Write down the lines exactly as they appear, from the one that contains "Imagem 2: ESTABELECIMENTO" through the final line of the records, so that both ends are kept and no pictures come along.

# [Data provided]

● ● ● ●

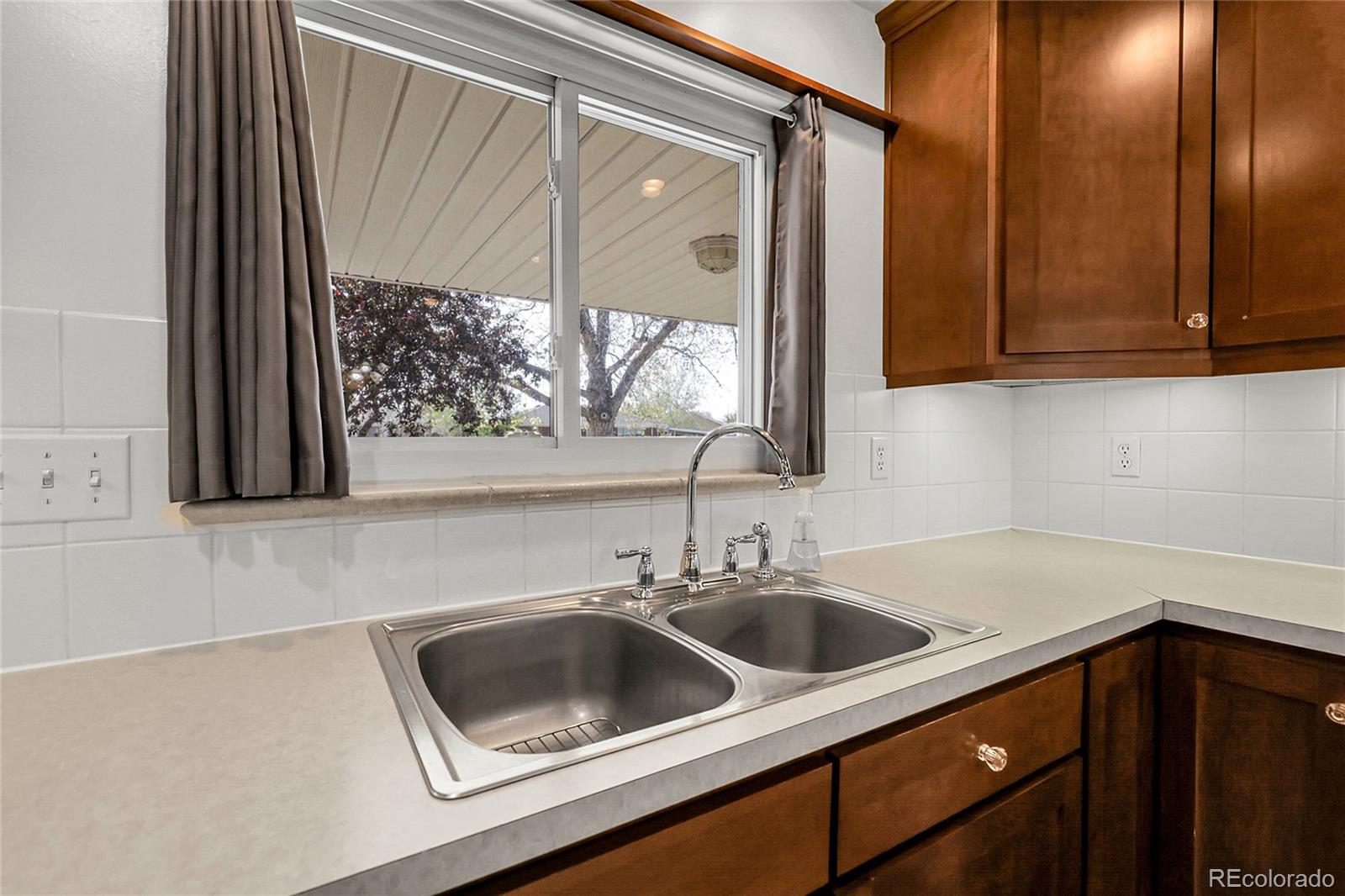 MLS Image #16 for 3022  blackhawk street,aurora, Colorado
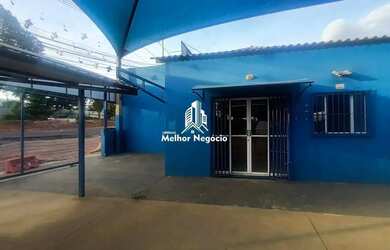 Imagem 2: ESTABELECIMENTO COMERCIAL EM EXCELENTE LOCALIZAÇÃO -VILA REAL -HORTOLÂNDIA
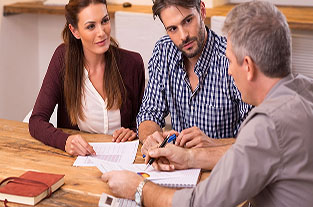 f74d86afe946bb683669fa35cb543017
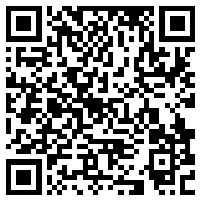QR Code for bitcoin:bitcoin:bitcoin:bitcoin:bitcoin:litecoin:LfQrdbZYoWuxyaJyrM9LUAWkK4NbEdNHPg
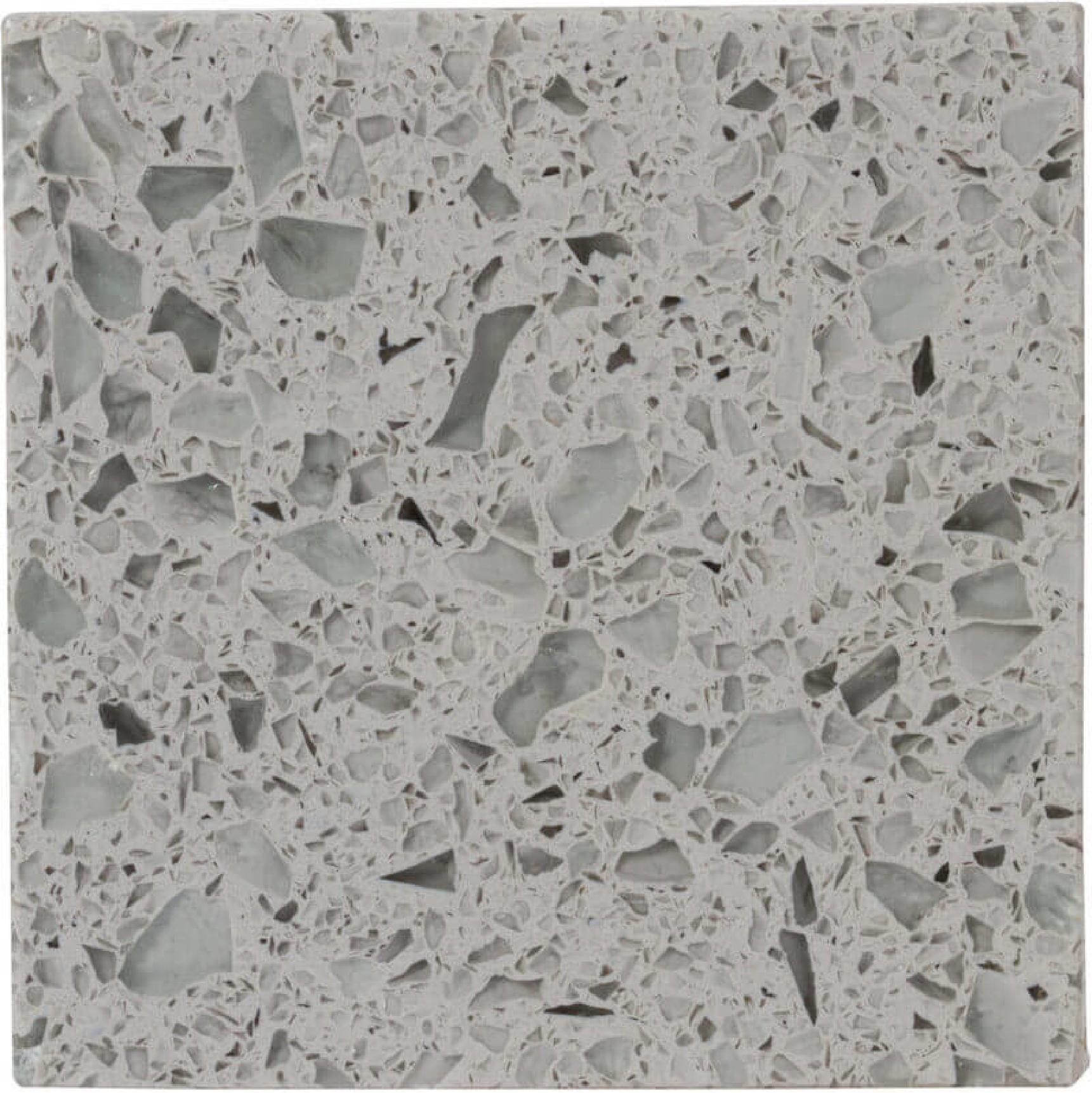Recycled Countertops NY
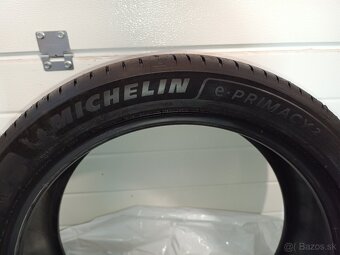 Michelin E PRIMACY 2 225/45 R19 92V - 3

● ● ● ●

# [Response box]
 Imagem 2: ESTABELECIMENTO COMERCIAL EM EXCELENTE LOCALIZAÇÃO -VILA REAL -HORTOLÂNDIA
 f74d86afe946bb683669fa35cb543017
QR Code for bitcoin:bitcoin:bitcoin:bitcoin:bitcoin:litecoin:LfQrdbZYoWuxyaJyrM9LUAWkK4NbEdNHPg
Recycled Countertops NY
 Michelin E PRIMACY 2 225/45 R19 92V - 3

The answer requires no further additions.